**WHAT THE TASK REQUIRES:** After locating the line with "Bavaria C38 - Yacht Charter Sailica" in the entries below, set down exactly that line and each one after it to the end, skipping pictures.

**Records from a dataset:**
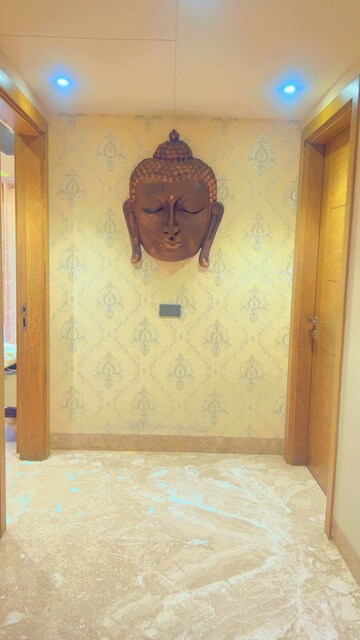 Room in 3 BHK Builder Floor at Anand Vihar – for Rent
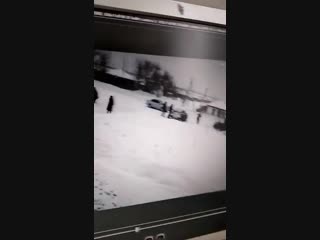 free в алтайском крае водитель автомобиля toyota не справился с управлением и влетел в толпу стоящую на останое hd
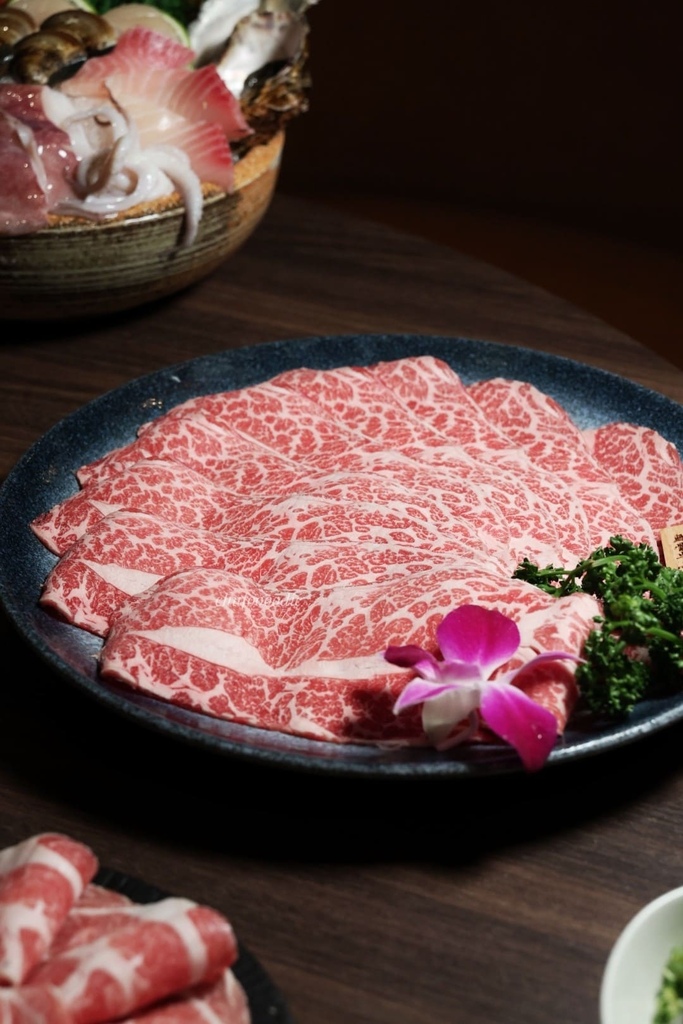 銅花精緻涮涮鍋-專人協助料理的頂級高雄火鍋餐廳~有火鍋界LV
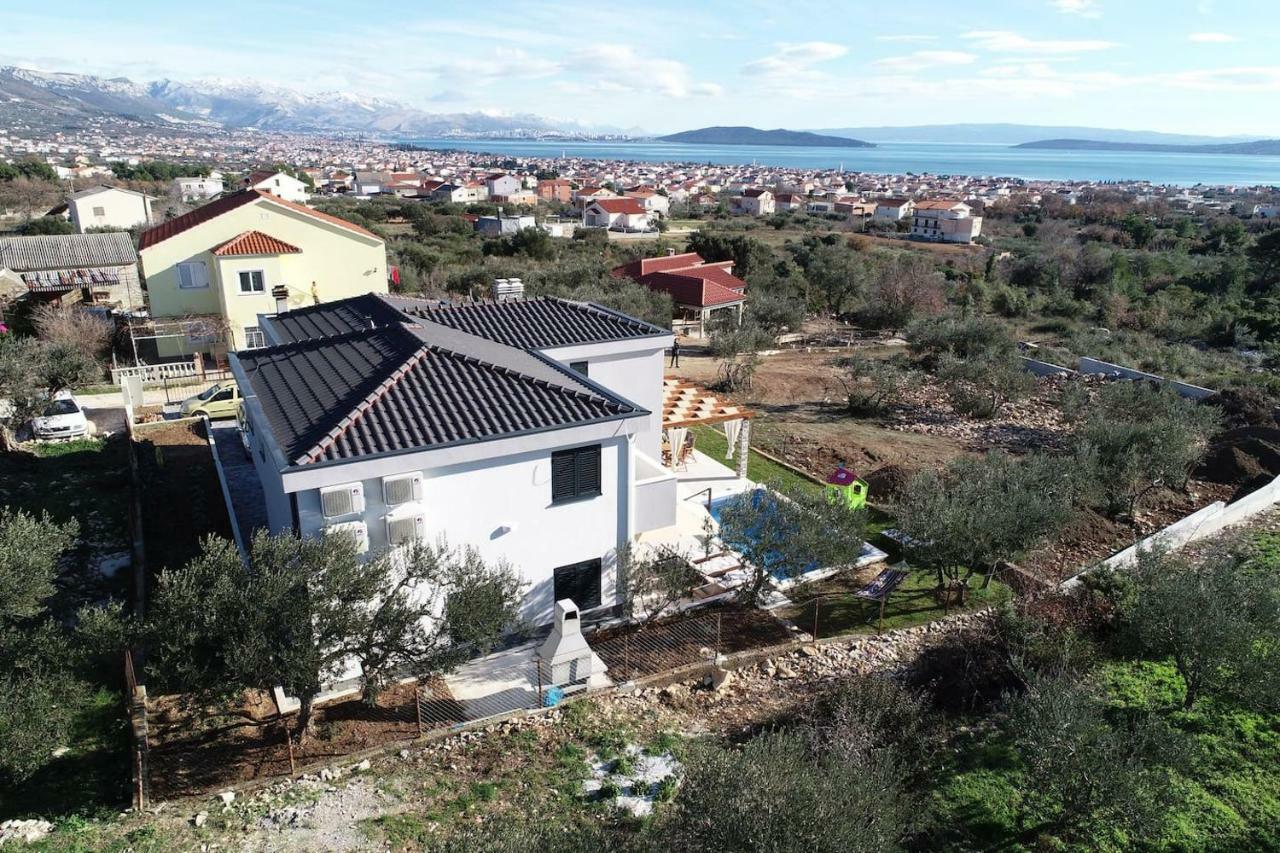 The Globetrotter'S Residence Kaštel Novi Екстериор снимка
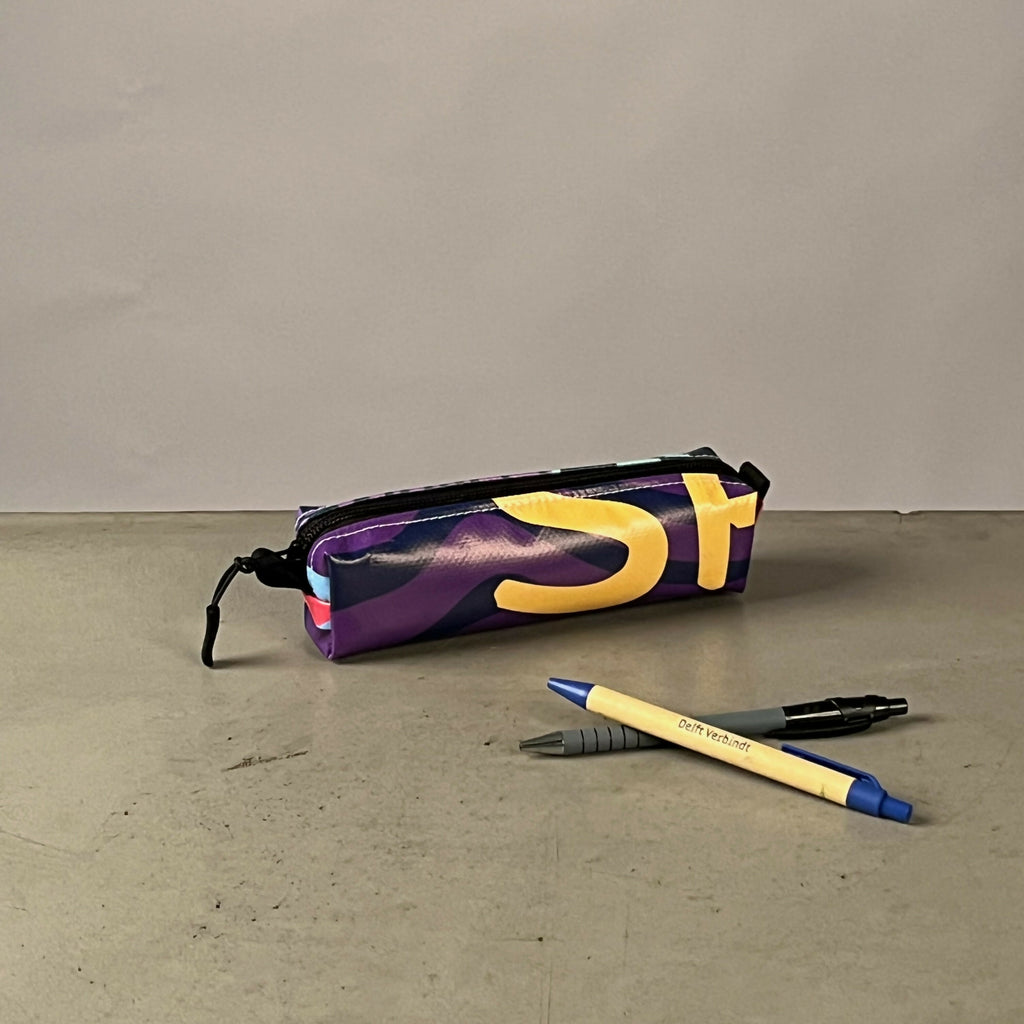 Etui | Gemaakt van een oude festivalbanner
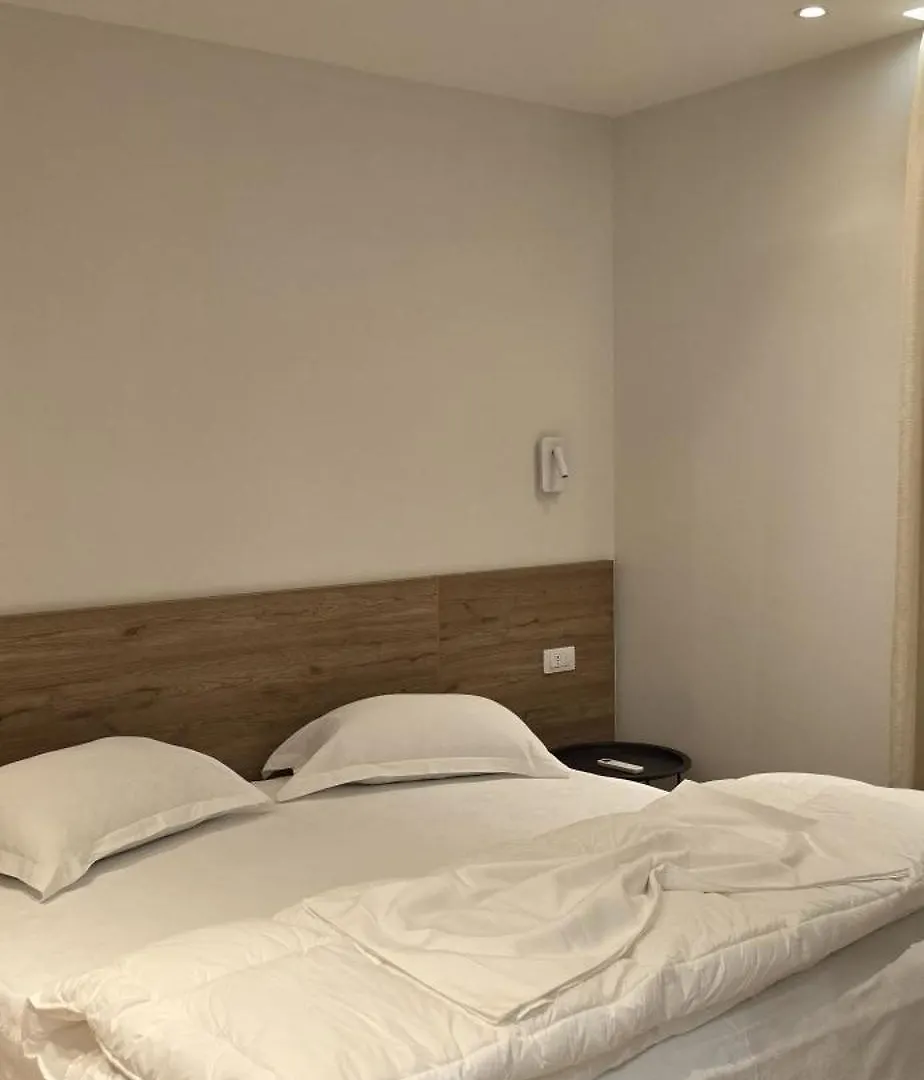 Tris Apartments Tirana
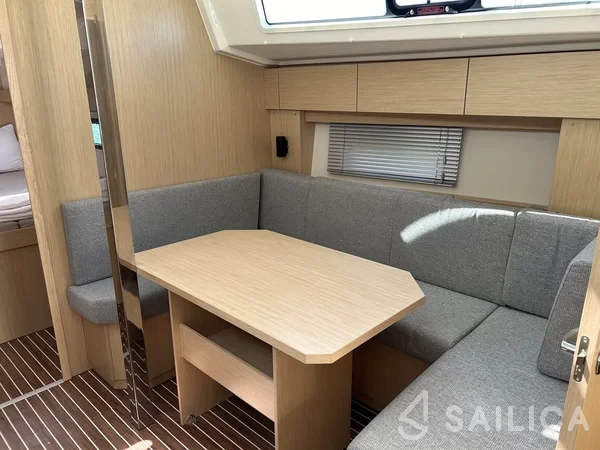 Bavaria C38 - Yacht Charter Sailica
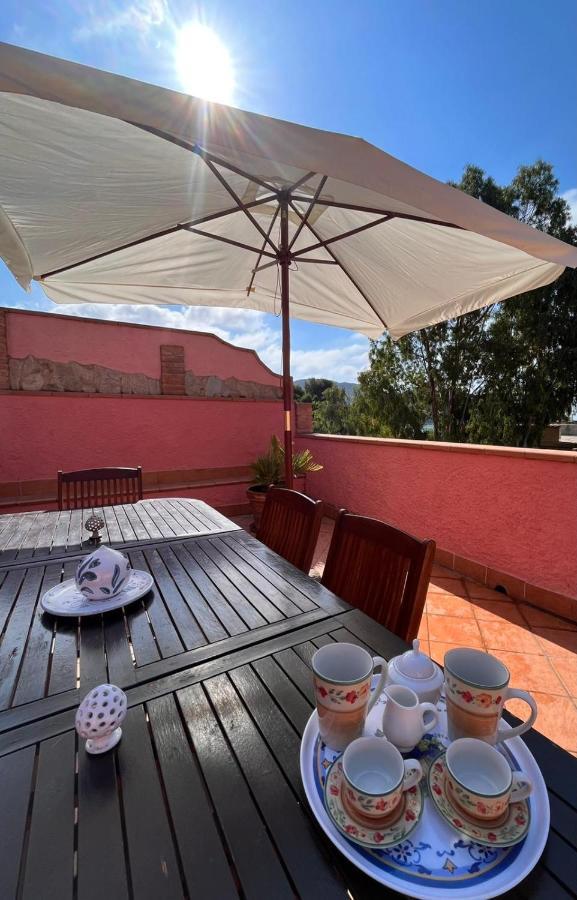 Beautifulhousebybeach Solanas  Bagian luar foto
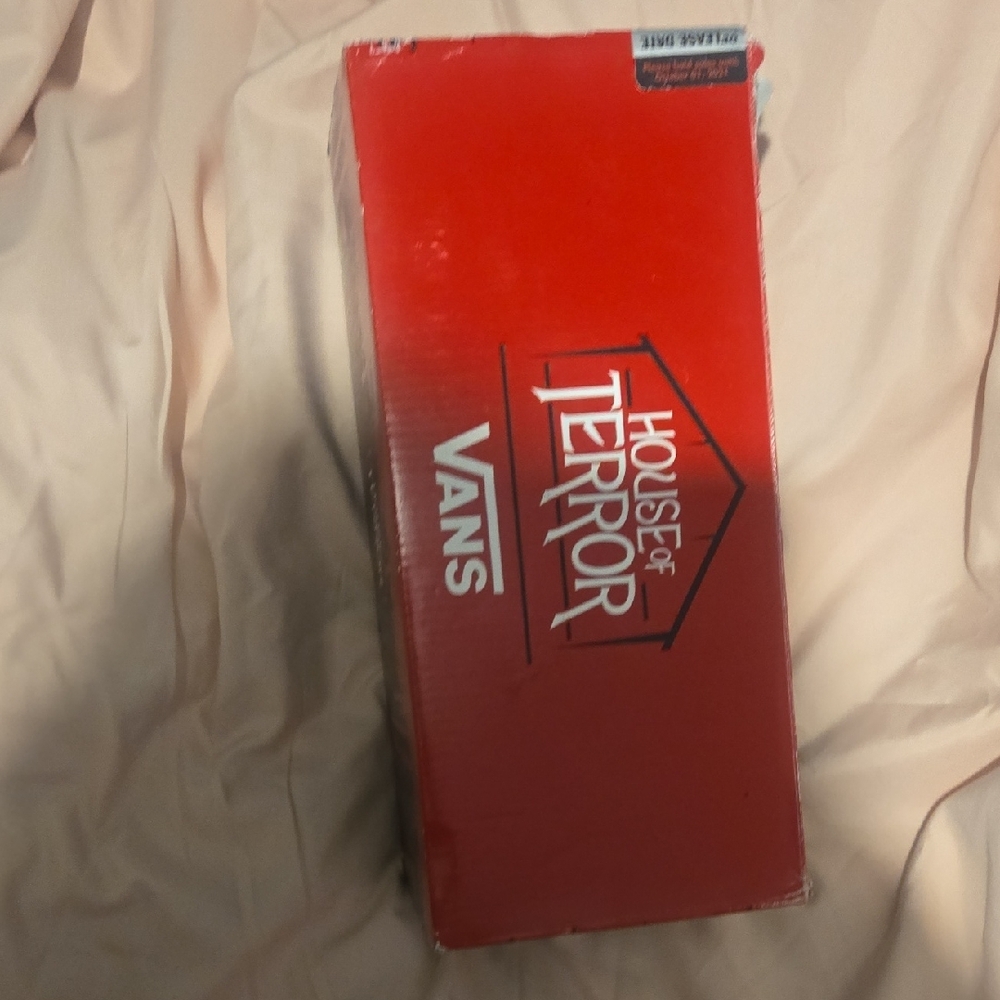 Vans House of Terror Red Shoe Box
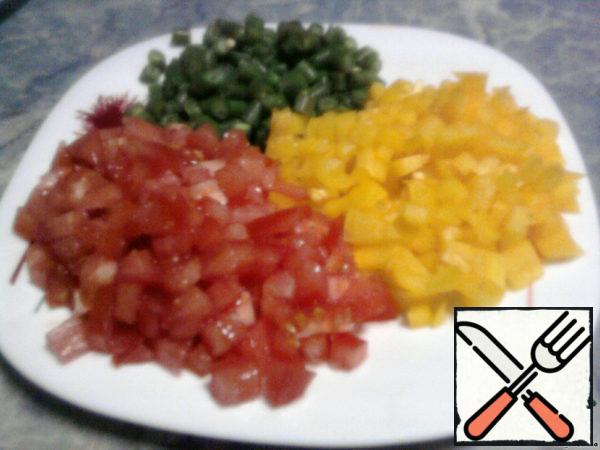 Chop tomatoes, bell peppers and chilled green beans.

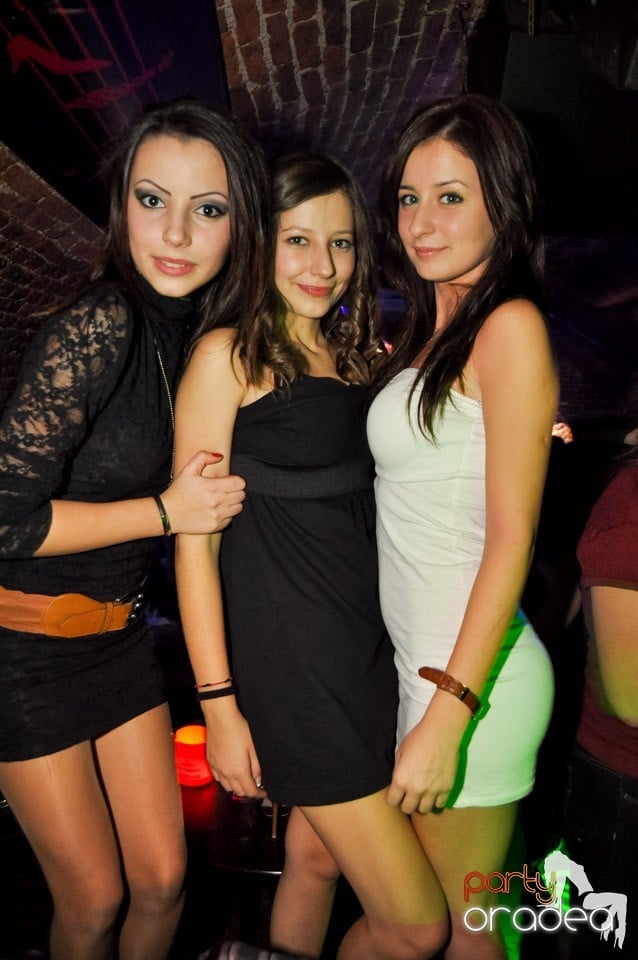 Party în Club Escape, 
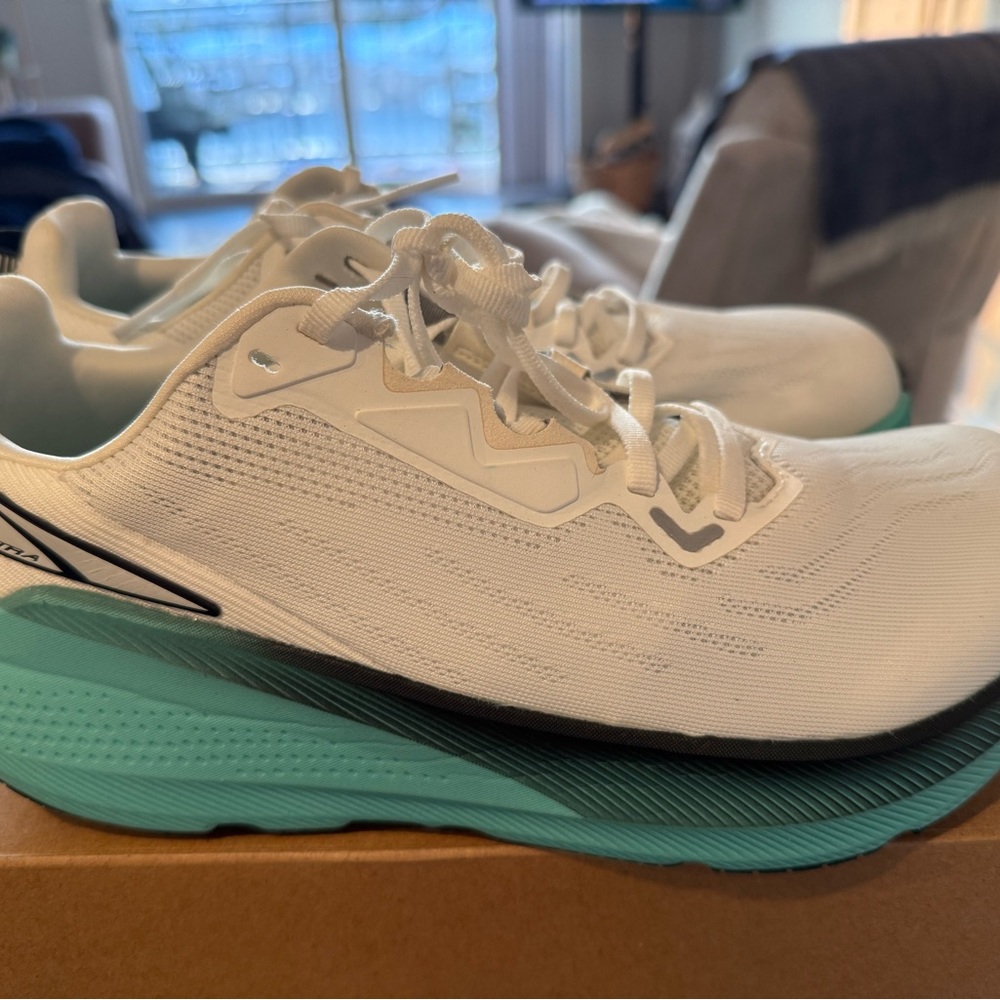 Altra Women's White and Teal Athletic Shoes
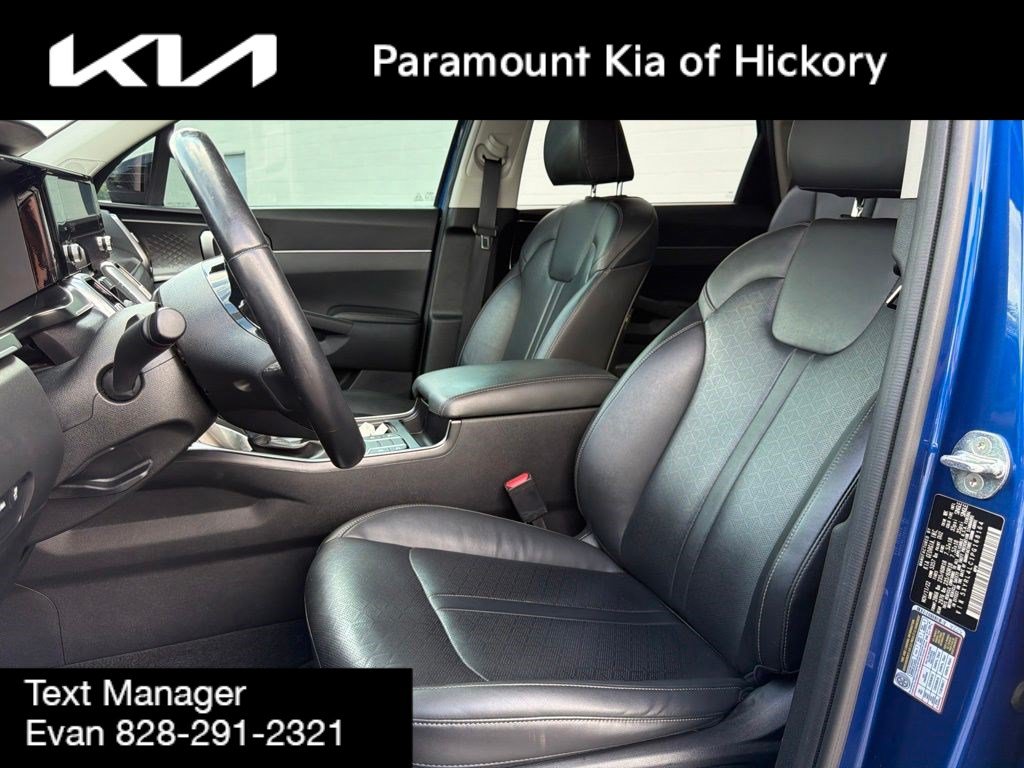 Used 2023 Kia Sorento S w/ Panoramic Sunroof Package FWD image 18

**RESULT OF THE EXERCISE:**
 Bavaria C38 - Yacht Charter Sailica
 Beautifulhousebybeach Solanas  Bagian luar foto
 Vans House of Terror Red Shoe Box
 Chop tomatoes, bell peppers and chilled green beans.

 Party în Club Escape, 
 Altra Women's White and Teal Athletic Shoes
 Used 2023 Kia Sorento S w/ Panoramic Sunroof Package FWD image 18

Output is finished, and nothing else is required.